> [TASK ITEM]: The copy must match the data below line for line and contain no images.

> [RECORDED INFORMATION]:

★ ★ ★ ★

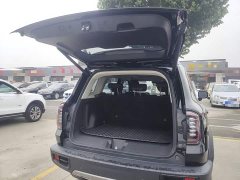 Great Wall Dachshund 2024 1.5T DCT Labrador Edition - ფოტო 19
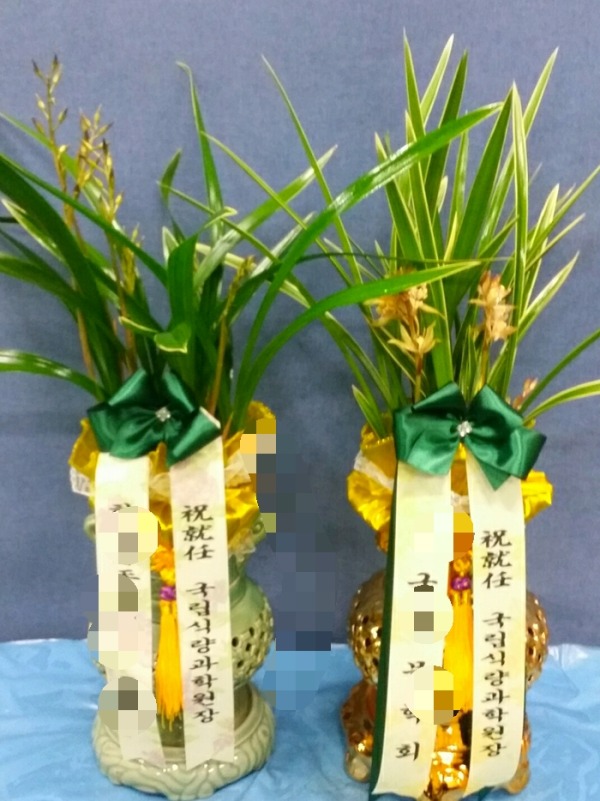 �ķ����п�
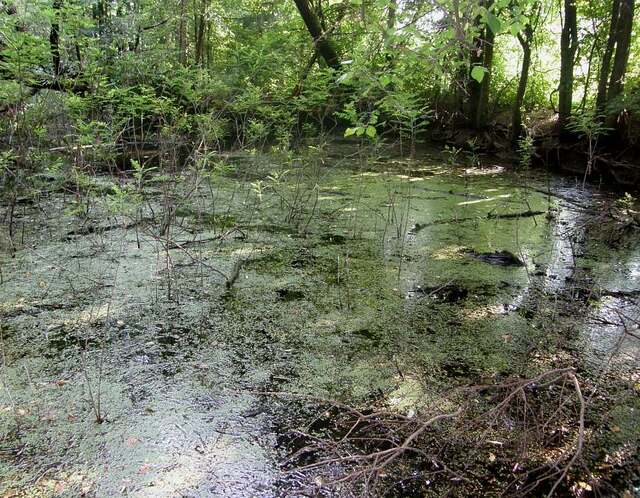 Quando le lenticchie d'acqua colonizzano l'ambiente - immagine Enrico Romani @ActaPlantarum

★ ★ ★ ★

> [COMPLETED TASK]:
 Great Wall Dachshund 2024 1.5T DCT Labrador Edition - ფოტო 19
 �ķ����п�
 Quando le lenticchie d'acqua colonizzano l'ambiente - immagine Enrico Romani @ActaPlantarum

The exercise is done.